For moms, I recommend if you can’t or don’t want to tuck in the top, belt the jacket over it. A woven leather belt is casual, a skinny patent belt is more dressy.

Are your legs not in shape for shorts? I recommend riding your bike. Yeah, that one. In the corner of the garage. Get out some chain lube to quell the squeakies, put helmets on you and your kids and make all of the small errands (returning books to the library, going to the park, riding your older kids to and from school, going to church, running smaller errands (quart of milk) or transporting to playdates by bicycle. Lansing, where I live, is flat, flat, flat for bike riding, we have a good network of trail systems, bike lanes and quieter neighborhood streets to do some riding, including Michigan State’s beautiful campus. You might have to be creative, and if you’re with your kids, jump up on the sidewalk. Bike trailers are essential for your not-yet-riding kids and while harder to find used, are well worth the investment – you’ll sell them for almost what you paid for if it’s in good shape at the end.

Biking works the gluteal muscles, the hamstrings and the quads. It also works your calves too. It’s an awesome exercise for great legs up and down!

I guarantee if you ride several days a week (just try it, you’ll see how much more fun errands become!), you’ll have great short-worthy legs starting to emerge in two weeks or less.

Three ways to wear shorts with a blazer by asiegle featuring topshop

Use the good stuff day 18: mohair wrap with satin lining


Vintage 6 x 2 rib mohair wrap, hand-lined in satin is today’s post.
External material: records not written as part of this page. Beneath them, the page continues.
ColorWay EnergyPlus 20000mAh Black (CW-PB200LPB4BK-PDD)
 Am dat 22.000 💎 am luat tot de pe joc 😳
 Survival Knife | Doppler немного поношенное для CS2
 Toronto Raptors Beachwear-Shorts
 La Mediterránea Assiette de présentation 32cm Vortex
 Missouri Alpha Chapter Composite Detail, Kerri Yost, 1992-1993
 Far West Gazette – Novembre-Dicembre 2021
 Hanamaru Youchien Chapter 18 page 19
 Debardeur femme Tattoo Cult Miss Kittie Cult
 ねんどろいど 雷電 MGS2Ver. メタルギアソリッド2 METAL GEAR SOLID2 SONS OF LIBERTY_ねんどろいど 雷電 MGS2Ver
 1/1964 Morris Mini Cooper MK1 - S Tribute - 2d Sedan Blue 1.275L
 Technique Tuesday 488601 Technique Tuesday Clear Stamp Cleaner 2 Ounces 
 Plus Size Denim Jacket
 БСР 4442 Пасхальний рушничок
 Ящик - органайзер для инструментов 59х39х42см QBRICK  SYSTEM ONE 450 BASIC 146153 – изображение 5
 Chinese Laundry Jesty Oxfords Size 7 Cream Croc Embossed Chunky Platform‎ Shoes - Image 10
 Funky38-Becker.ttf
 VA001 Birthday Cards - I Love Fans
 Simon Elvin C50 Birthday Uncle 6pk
Last wearing? 2003, black tie event) This was hand made, and I got it from my mother (not sure if she hand-made it or someone else did.)  I styled it with a cream turtleneck, and dark rinse jeans. Previously, I had really only worn this on ‘fancy’ occasions – you know, the half dozen or so black tie events that I went to in the last 15 years. A friend borrowed it for her winter wedding in 2003 (and looked stunning in it!) But it didn’t get much use.

I saw Blonde Bedhead style her vintage fur stole (gotta make me a fake one of THOSE – I don’t do real fur) with a cream sweater and dressy trousers with red heels. That was pretty divine, so I thought, well, let’s do a casual version of that look. I have a cream ribbed sweater that would have been a better fit than the turtleneck; next time I wear it.

In case you haven’t noticed, I’ve drawn the 30-days-posts waaaaaay out. Mainly because I realized I have a lot of great summer things to pull out and I want them to have their time in the sun, pun intended.

But at the rate spring is arriving (this post is from the first day of spring!) it may well be June before I finish this series, a full six-months after I started it! That’s OK, as long as it gets used, it can stay in the closet. This year, we begin implementing change in our household, running it more like we run our companies – and that includes organization, accountability, strategic planning and execution. So I expect that some of my “I’ve saved this forever, why?” items will see the gift / giveaway pile, and so if I want to keep them, I have to say, honestly, I wore that X times this winter!